The Uses and Abuses of Cryptography
Another day, another data breach, and another round of calls for companies to encrypt their databases. Cryptography is a powerful tool, but in cases like this one it’s not going to help. If your OS is secure, you don’t need the crypto; if it’s not, the crypto won’t protect your data.
In a case like the Anthem breach, the really sensitive databases are always in use. This means that they’re effectively decrypted: the database management systems (DBMS) are operating on cleartext, which means that the decryption key is present in RAM somewhere. It may be in the OS, it may be in the DBMS, or it may even be in the application itself (though that’s less likely if a large relational database is in use, which it probably is). What’s to stop an attacker from obtaining that key, or perhaps from just making database queries?
The answer, in theory, is other forms of access control. Perhaps the DBMS requires authentication, or operating system permissions will prevent the attacker from getting at the keys. Unfortunately—and as these many databreaches show—these defenses are not configured properly or aren’t doing the job. If that’s the case, though, adding encryption isn’t going to help; the attacker will just go around the crypto. There’s a very simple rule of thumb here: Encryption is most useful when OS protections cannot work.
What do I mean by that? The most obvious situation is where the attacker has physical access to the device. Laptop disks should always be encrypted; ditto flash drives, backup media, etc. Using full disk encryption on your servers’ drives isn’t a bad idea, since it protects your data when you discard the media, but you then have to worry about where the key comes from if the server crashes and reboots.

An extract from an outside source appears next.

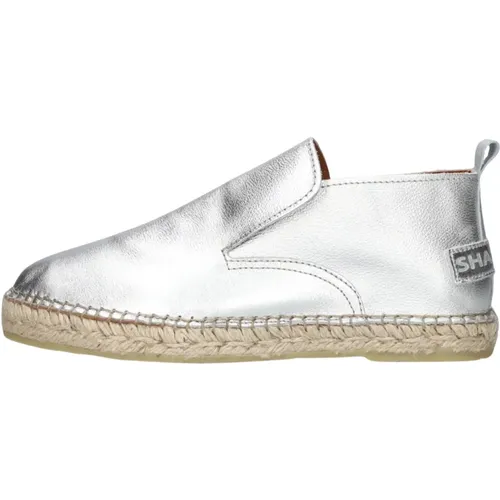 Metallic Espadrilles Elche Lofa , Damen, Größe: 38 EU - Shabbies - Modalova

Cloud storage is a good place for encryption, since you don’t control the machine room and you don’t control the hypervisor. Again, your own operating system isn’t blocking a line of attack. (Note: I’m not saying that the cloud is a bad idea; if nothing else, most cloud sysadmins are better at securing their systems than are folks at average small companies.) Email is another good use for encryption, unless you control your own mail servers. Why? Because the data is yours, but you’re storing it on someone else’s computer.
Encryption is a useful tool (and a fun research area), but like all tools it’s only useful if properly employed. If used in inappropriate situations, it won’t provide protection and will create operational headaches and perhaps data loss from mismanaged keys.
Protecting large databases like Anthem’s is a challenge. We need better software security, and we need better structural tools to isolate the really sensitive data from average, poorly protected machines. There may even be a role for encryption, but simply encrypting the social security numbers isn’t going to do much.
What Must We Trust?
My Twitter feed has exploded with the release of the Kaspersky report on the "Equation Group", an entity behind a very advanced family of malware. (Naturally, everyone is blaming the NSA. I don’t know who wrote that code, so I’ll just say it was beings from the Andromeda galaxy.)
The Equation Group has used a variety of advanced techniques, including injecting malware into disk drive firmware, planting attack code on "photo" CDs sent to conference attendees, encrypting payloads using details specific to particular target machines as the keys (which in turn implies prior knowledge of these machines’ configurations), and more. There are all sorts of implications of this report, including the policy question of whether or not the Andromedans should have risked their commercial market by doing such things. For now, though, I want to discuss one particular, deep technical question: what should a conceptual security architecture look like?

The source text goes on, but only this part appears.